We were supposed to have been setting off on a three-month expedition around
India, but only got as far as our local town in Montana before it happened. One
minute I was sitting in the back of the car fiddling with my iPod and the next second
I’d heard Mom screaming. I’d looked up just in time to see a car skidding along on
the road before it hit us side-on, flipping us into a ditch. Even now the fear I’d felt at
the time – the fear of what was to come – still swallows me whole. Time had seemed
to slow down as I had watched my mom and dad being thrown around as the car
had turned upside down. Our screams had been overwhelming and I’d been
reaching my breaking point, when suddenly all went silent and
I had been engulfed in a bright, orange glow that had blinded me. Everything
after that was hazy. I remember smacking my head on the window, which had been
followed by an unbearable pain that had made my skull feel as though it would
explode.
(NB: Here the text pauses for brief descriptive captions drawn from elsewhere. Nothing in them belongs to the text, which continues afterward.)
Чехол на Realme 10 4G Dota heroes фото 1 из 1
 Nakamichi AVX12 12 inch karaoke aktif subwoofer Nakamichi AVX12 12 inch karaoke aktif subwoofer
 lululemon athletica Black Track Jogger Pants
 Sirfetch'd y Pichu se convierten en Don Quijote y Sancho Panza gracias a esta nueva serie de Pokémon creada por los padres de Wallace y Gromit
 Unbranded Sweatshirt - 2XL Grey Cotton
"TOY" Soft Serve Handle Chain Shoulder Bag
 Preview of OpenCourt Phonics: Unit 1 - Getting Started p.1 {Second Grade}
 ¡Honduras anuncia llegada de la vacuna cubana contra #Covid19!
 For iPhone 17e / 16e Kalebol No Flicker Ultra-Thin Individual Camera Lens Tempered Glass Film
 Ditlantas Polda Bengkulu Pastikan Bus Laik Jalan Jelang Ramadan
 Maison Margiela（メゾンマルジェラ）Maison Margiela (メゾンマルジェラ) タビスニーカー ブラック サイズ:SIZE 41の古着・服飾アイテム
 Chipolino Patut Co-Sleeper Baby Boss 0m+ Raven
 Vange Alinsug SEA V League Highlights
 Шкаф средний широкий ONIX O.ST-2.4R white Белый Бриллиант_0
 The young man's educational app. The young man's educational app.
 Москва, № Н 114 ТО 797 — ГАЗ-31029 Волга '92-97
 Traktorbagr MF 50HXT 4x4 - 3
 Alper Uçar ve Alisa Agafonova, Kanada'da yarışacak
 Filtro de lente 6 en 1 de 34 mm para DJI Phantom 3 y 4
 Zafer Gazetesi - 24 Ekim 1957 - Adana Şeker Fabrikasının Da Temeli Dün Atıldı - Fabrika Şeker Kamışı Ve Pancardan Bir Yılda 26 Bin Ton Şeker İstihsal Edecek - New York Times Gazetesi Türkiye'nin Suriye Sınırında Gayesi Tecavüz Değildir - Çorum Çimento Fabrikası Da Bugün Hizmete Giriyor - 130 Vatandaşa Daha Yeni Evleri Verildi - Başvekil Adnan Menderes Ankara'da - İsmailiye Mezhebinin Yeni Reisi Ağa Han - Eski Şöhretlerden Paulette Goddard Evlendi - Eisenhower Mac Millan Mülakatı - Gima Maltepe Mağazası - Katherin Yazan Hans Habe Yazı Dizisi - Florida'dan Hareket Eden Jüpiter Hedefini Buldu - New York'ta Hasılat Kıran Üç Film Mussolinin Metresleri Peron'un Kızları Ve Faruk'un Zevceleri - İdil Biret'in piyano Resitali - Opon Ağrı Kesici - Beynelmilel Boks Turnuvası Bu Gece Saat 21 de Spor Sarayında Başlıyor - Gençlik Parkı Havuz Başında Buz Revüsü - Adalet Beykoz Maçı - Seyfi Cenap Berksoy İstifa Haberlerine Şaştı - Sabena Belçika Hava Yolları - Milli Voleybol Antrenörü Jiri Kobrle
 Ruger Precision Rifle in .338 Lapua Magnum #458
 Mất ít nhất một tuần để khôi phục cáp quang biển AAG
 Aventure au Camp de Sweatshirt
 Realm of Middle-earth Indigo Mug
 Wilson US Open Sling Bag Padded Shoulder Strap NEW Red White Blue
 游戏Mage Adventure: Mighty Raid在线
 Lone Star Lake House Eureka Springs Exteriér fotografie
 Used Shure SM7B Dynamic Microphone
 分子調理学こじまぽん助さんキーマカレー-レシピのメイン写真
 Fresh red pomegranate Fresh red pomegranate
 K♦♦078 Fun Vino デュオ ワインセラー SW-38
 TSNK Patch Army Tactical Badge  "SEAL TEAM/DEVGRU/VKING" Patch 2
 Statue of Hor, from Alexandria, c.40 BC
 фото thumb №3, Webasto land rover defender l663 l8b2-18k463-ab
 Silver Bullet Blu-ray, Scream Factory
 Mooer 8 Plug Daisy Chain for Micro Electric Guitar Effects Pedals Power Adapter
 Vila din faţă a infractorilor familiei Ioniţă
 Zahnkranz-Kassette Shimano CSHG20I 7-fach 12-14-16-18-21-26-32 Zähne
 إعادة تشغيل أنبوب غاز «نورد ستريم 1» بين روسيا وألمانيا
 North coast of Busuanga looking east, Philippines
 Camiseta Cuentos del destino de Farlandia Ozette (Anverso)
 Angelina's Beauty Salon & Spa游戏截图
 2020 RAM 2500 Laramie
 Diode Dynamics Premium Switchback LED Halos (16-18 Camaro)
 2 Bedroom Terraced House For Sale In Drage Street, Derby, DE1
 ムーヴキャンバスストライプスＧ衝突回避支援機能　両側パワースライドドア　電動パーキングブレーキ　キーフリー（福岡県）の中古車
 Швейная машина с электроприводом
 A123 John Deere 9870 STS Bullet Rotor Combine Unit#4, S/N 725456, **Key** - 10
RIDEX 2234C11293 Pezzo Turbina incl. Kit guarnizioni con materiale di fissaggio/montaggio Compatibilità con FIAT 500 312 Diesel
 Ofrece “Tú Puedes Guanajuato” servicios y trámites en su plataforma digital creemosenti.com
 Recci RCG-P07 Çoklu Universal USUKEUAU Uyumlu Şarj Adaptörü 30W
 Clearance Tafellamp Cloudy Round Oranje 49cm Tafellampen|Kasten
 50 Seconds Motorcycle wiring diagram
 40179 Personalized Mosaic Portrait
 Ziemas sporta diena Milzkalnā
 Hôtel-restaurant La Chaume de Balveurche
I put my hand to my forehead, feeling a warm and sticky liquid trickling
down the side of my face. Putting my hand out in front of me, I saw it was blood, but
my fuzzy brain couldn’t comprehend what I was seeing. It was at that point black
spots started to creep into my vision, making everything seem blurry. Then, however
much I tried to stay awake, the darkness won and I slipped out of consciousness.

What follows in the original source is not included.